The results presented here clearly demonstrate that the general relationship between Chla and TN conceals important diversity in the nature of the relationship and the underlying response of Chla to changing nitrogen concentrations in individual coastal areas. Chesapeake Bay had the highest Chla relative to TN, followed by Tampa Bay, Wadden Sea, and the Denmark coast. Several ecosystem features could potentially account for these regional differences in the Chla–TN relationships. All the studied regions are classified as microtidal but the tidal range in the Wadden Sea (∼ 1.5–2 m) is higher than for the other regions (<1 m).(38) Tampa Bay is a relatively shallow (∼ 4 m) and wind-exposed ecosystem where average Secchi depths range from 1 m in Hillsborough Bay to 2.5–3 m in Lower Tampa Bay,(25) suggesting potential light limitation. High abundances of filter feeders characterize the Danish coastal sites that are mostly well-mixed to the bottom,(23) and a relatively large fraction of TN is refractory due to mixing with Baltic Sea water.(32) Additional features could be added as candidates to account for the reported regional differences in Chla–TN relationships.

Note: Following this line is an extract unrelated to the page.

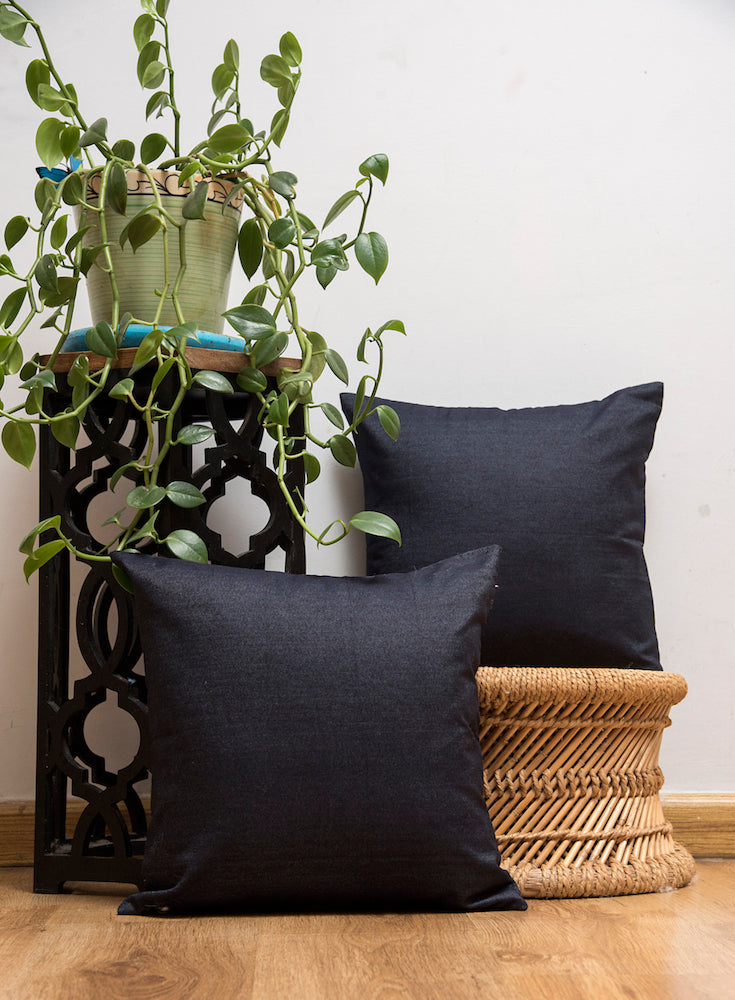 Navy Blue Cotton Denim Cushion Cover 16x16, 18x18 Inches - Set of 2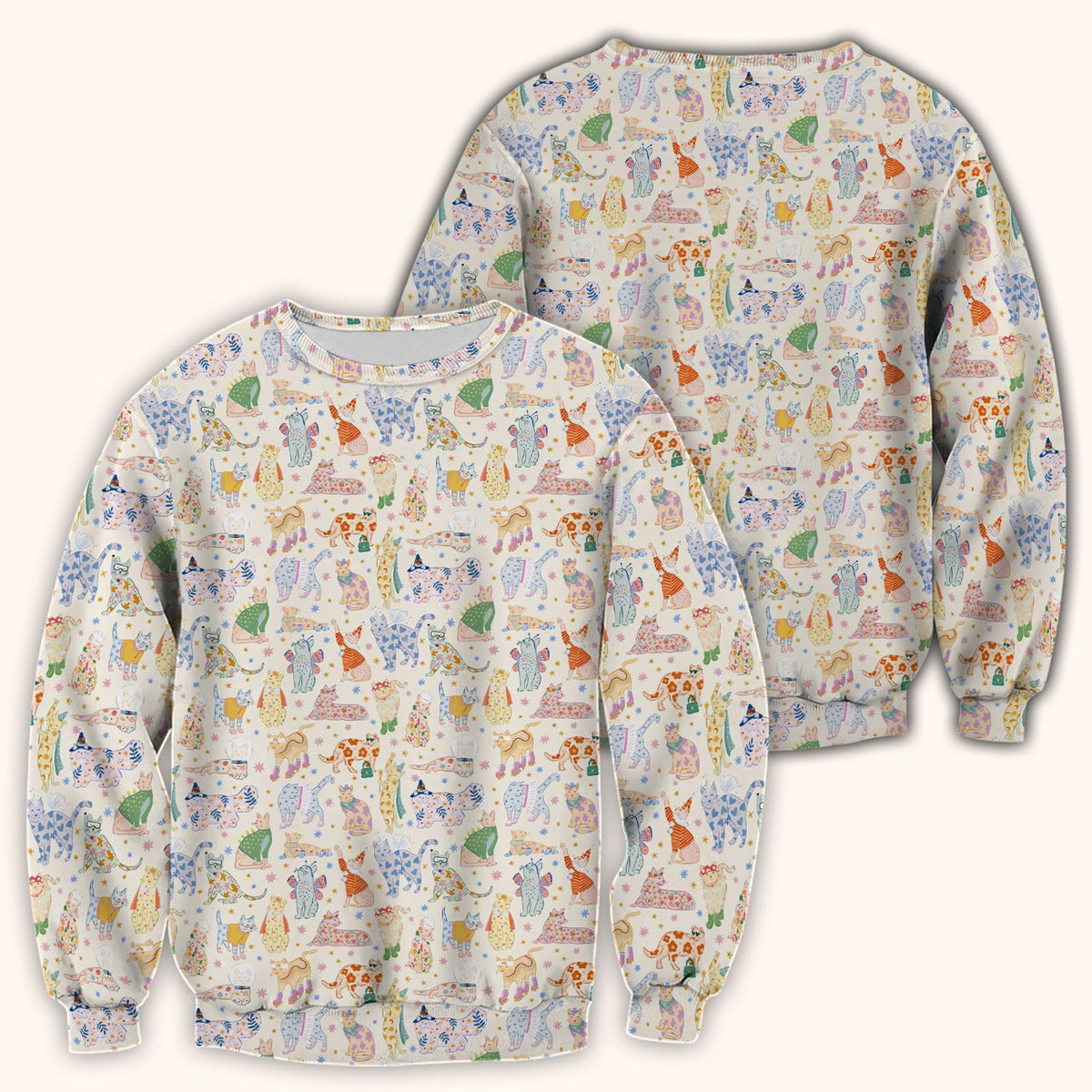 Colorful Cats Nurse Scrub Top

Whereas the general relationships help delineate the Chla concentration expected for a particular TN concentration, this only applies to the mean Chla to be expected for a universe of coastal ecosystems with similar TN concentrations, but not to any one individual ecosystem in particular. The key consideration in using this general relationship is that the error in the prediction of Chla can only be assumed to be randomly distributed within the broad order-of-magnitude error bounds about the predicted Chla for such hypothetical population of coastal ecosystems with similar TN. Yet, this does not hold for any one individual coastal ecosystem. Hence, the general relationship is not only invalid to predict the particular value of Chla to be expected for a particular change, increase or decrease, in TN for a particular coastal ecosystem, but is also invalid to predict even the ensuing direction of change (increasing, decreasing, or no change). Indeed, individual systems showed the full range of TN–Chla relationships, including positive, negative ones, and no relationship, stressing the need to develop system-specific predictions.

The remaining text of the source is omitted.